(Task instructions): Leaving out every picture, quote the data below exactly as it appears.
========================================
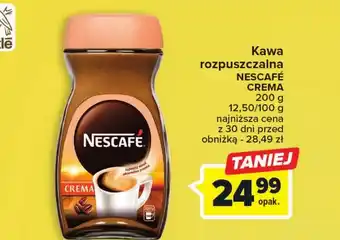 Carrefour Kawa rozpuszczalna NESCAFÉ CREMA 200g oferta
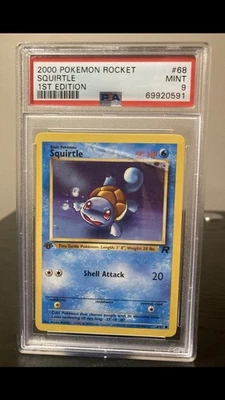 2000 Pokémon Team Rocket Squirtle 1st Edition PSA 9 MINT #68 TCG - Image 1 of 4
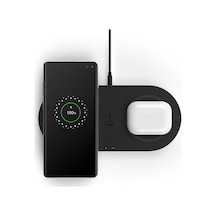 Belkin WIZ002VFBK İkili Kablosuz Şarj Cihazı Siyah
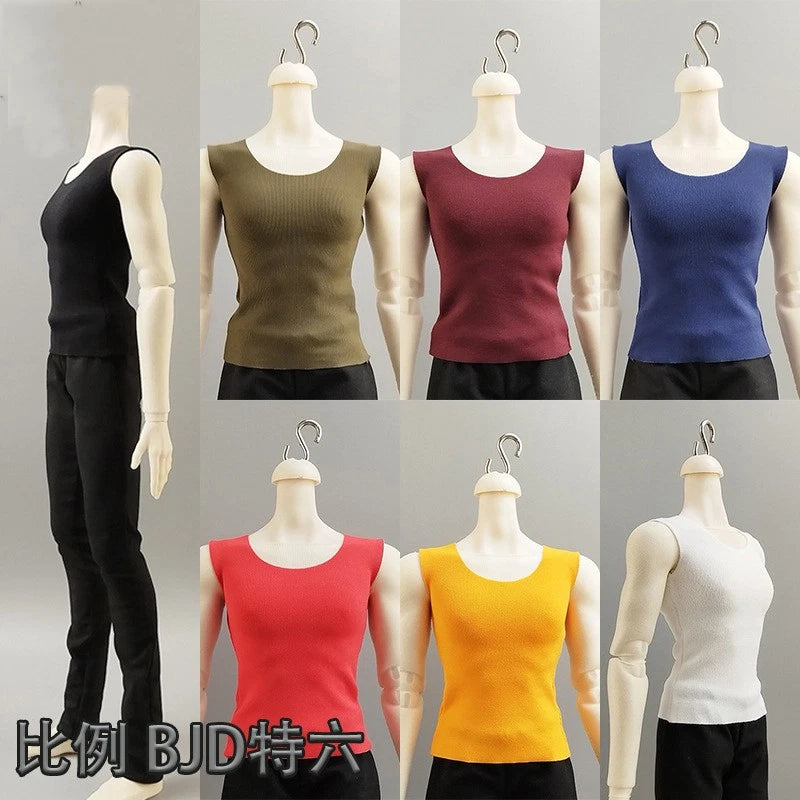 1/6 vest Tops Wide shoulder Clothes Model Fit 12'' Action Figure Body Doll Toy Model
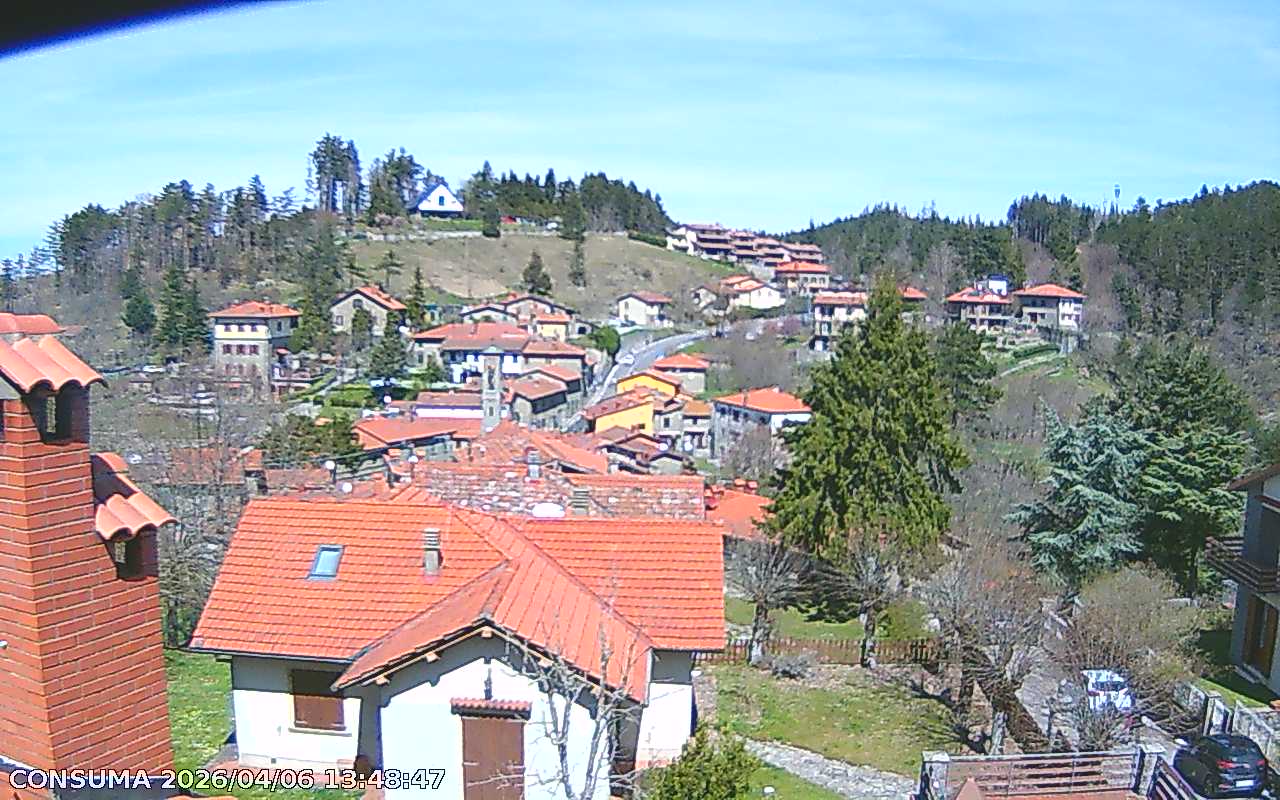 immagine della webcam nei dintorni di Passo della Consuma: webcam Pelago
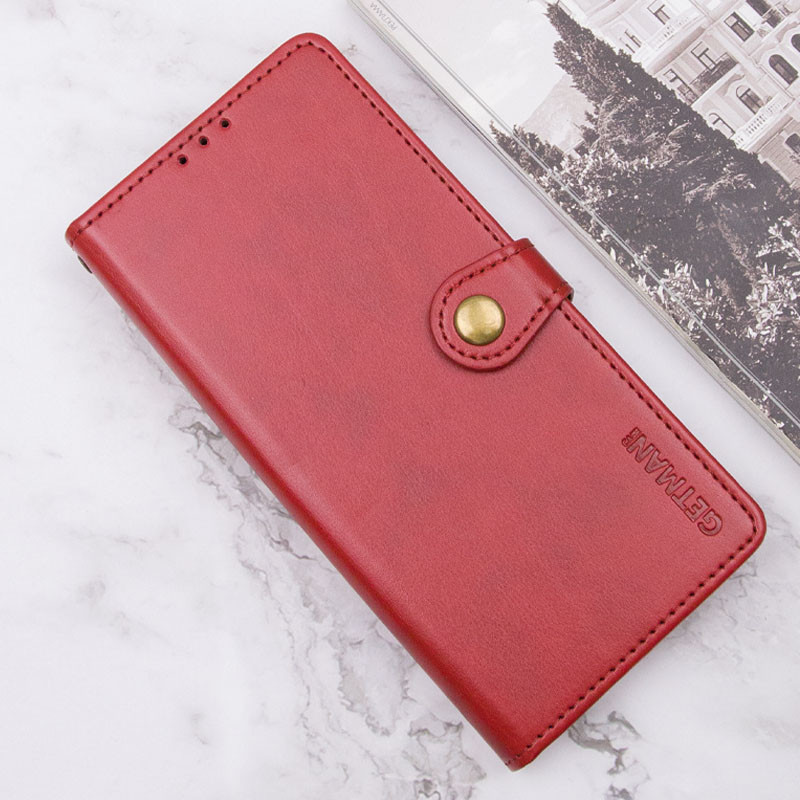 Купити Шкіряний чохол-книжка GETMAN Gallant (PU) для Samsung Galaxy S24 (Червоний) на vchehle.ua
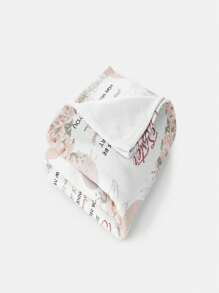 1pc Cartoon Envelope Pattern Flannel Throw Blanket, Home Room Decor, Picnics, Travels, Fluffy Cozy Blanket, Autumn Blanket, Gift For Sisters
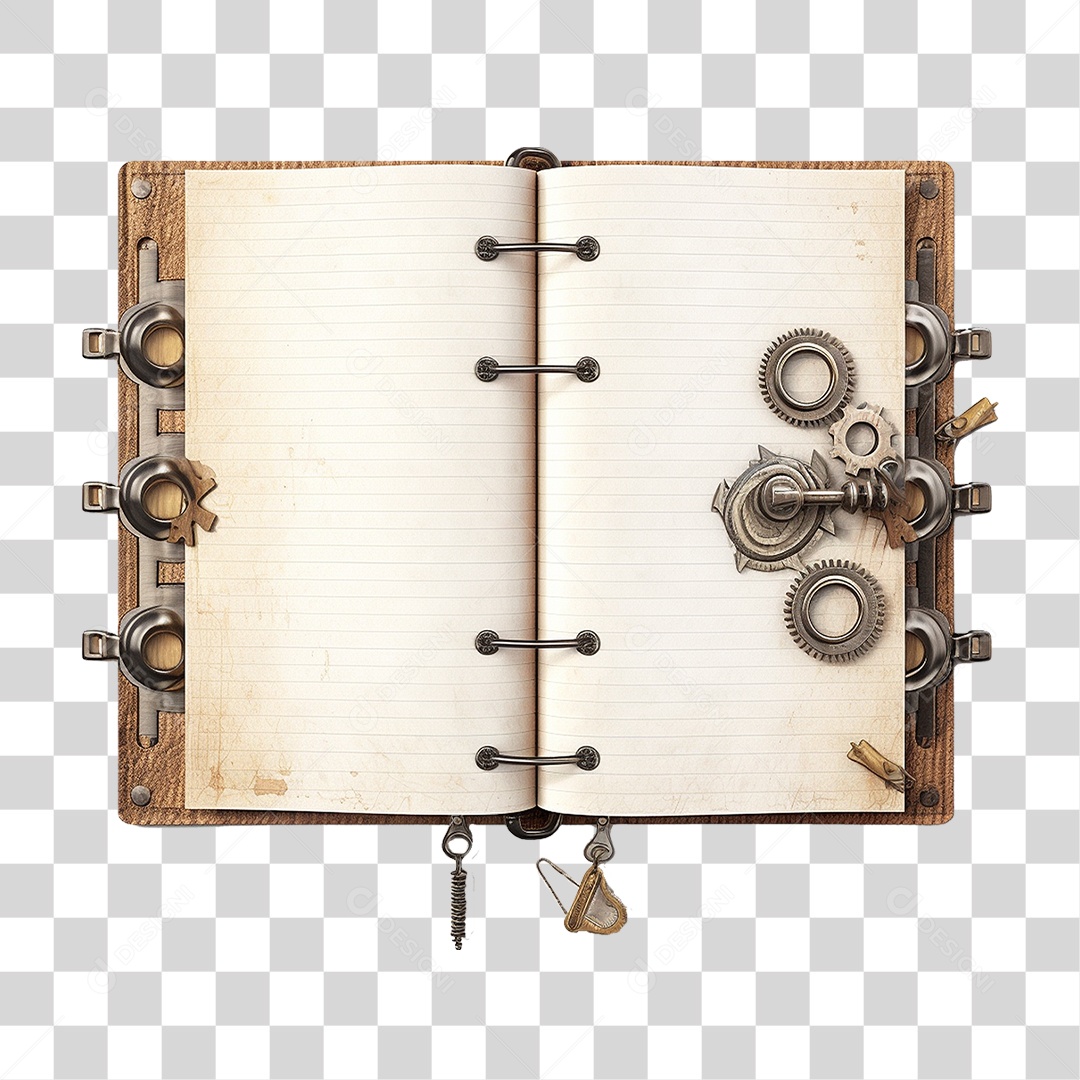 Páginas Livros com Engrenagem PNG Transparente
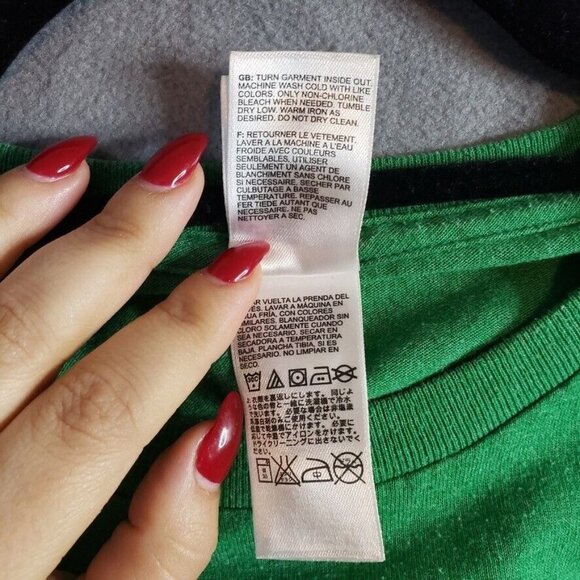 The North Face Mens Sz L Green Graphic T shirt Big Logo  Crew Neck Outdoor Tee - Picture 8 of 11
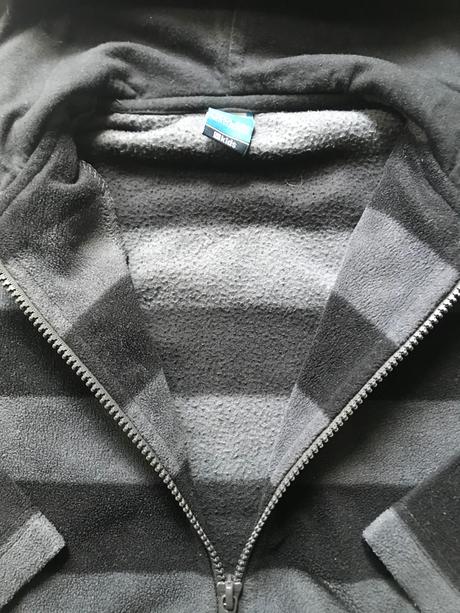 Mikina fleece pruhy 4-5 rokov, reserved,110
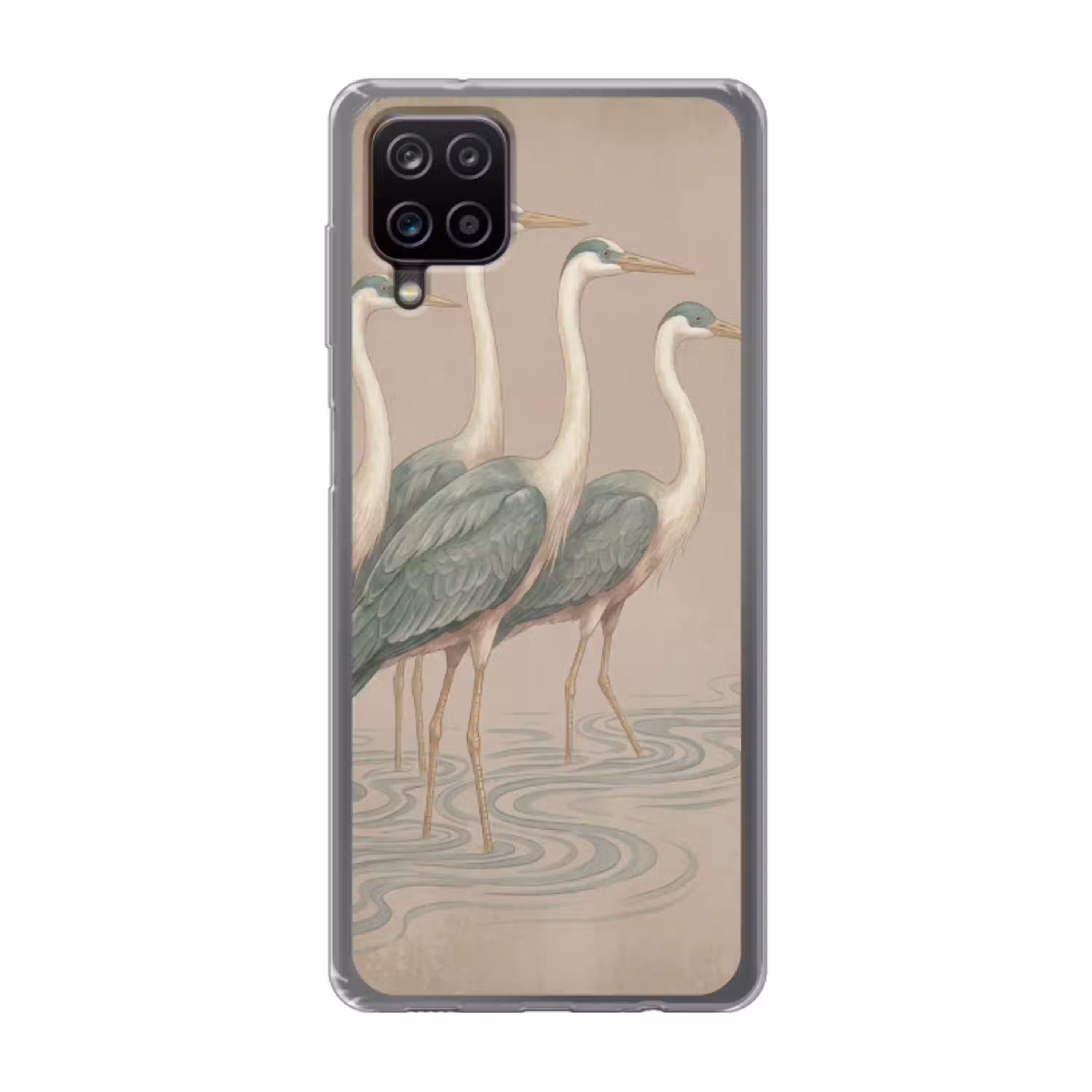 Vogel - Water - Natuur - Vintage Telefoonhoesje Samsung Galaxy A12 klein -3d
========================================
(Answer to this task):
 Carrefour Kawa rozpuszczalna NESCAFÉ CREMA 200g oferta
 2000 Pokémon Team Rocket Squirtle 1st Edition PSA 9 MINT #68 TCG - Image 1 of 4
 Belkin WIZ002VFBK İkili Kablosuz Şarj Cihazı Siyah
 1/6 vest Tops Wide shoulder Clothes Model Fit 12'' Action Figure Body Doll Toy Model
 immagine della webcam nei dintorni di Passo della Consuma: webcam Pelago
 Купити Шкіряний чохол-книжка GETMAN Gallant (PU) для Samsung Galaxy S24 (Червоний) на vchehle.ua
 1pc Cartoon Envelope Pattern Flannel Throw Blanket, Home Room Decor, Picnics, Travels, Fluffy Cozy Blanket, Autumn Blanket, Gift For Sisters
 Páginas Livros com Engrenagem PNG Transparente
 The North Face Mens Sz L Green Graphic T shirt Big Logo  Crew Neck Outdoor Tee - Picture 8 of 11
 Mikina fleece pruhy 4-5 rokov, reserved,110
 Vogel - Water - Natuur - Vintage Telefoonhoesje Samsung Galaxy A12 klein -3d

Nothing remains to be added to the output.